▸ **Task goal**
Read the records below and copy each line that contains "Christmas".
─── Data to process
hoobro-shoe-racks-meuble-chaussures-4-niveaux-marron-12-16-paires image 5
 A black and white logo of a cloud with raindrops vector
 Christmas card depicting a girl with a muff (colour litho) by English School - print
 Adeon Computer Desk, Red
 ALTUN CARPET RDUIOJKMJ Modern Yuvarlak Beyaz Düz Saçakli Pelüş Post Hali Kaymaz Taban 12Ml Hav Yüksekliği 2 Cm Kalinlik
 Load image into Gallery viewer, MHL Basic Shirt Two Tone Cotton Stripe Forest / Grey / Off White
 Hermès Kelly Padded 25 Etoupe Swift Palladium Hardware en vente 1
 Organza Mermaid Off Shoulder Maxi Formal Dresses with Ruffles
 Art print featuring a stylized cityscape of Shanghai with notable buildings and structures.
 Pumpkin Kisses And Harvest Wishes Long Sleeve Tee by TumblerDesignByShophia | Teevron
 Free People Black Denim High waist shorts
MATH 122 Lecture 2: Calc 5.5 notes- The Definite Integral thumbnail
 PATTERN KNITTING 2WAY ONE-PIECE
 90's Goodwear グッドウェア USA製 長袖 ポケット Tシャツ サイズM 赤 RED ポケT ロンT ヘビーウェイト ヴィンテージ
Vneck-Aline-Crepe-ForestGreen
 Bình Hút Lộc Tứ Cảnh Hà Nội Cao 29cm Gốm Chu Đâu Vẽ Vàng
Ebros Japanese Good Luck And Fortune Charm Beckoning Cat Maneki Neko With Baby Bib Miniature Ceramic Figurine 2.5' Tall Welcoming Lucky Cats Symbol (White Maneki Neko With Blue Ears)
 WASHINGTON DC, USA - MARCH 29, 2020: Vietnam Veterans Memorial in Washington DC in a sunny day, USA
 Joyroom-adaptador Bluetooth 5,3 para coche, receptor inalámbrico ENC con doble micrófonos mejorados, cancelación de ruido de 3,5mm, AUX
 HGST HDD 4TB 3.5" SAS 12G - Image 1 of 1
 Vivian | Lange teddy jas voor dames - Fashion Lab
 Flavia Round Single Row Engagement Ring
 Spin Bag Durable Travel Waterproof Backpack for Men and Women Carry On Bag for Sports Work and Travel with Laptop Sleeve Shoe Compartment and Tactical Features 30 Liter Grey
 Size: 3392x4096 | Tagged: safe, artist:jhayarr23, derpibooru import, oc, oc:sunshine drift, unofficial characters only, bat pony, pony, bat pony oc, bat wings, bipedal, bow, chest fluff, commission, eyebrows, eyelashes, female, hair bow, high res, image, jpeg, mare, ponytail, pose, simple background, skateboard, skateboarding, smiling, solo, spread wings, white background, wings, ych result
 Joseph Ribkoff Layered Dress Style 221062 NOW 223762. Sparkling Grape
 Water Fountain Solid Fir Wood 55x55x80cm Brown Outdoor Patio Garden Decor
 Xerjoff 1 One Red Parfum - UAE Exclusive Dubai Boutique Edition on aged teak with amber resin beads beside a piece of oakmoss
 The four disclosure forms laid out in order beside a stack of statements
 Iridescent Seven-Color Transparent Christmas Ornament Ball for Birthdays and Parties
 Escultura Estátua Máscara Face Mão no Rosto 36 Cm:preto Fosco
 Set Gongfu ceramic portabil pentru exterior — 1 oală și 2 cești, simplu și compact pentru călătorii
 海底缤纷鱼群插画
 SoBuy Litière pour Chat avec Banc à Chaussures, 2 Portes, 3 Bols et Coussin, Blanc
──────
▸ **Exercise response**
 Christmas card depicting a girl with a muff (colour litho) by English School - print
 Iridescent Seven-Color Transparent Christmas Ornament Ball for Birthdays and Parties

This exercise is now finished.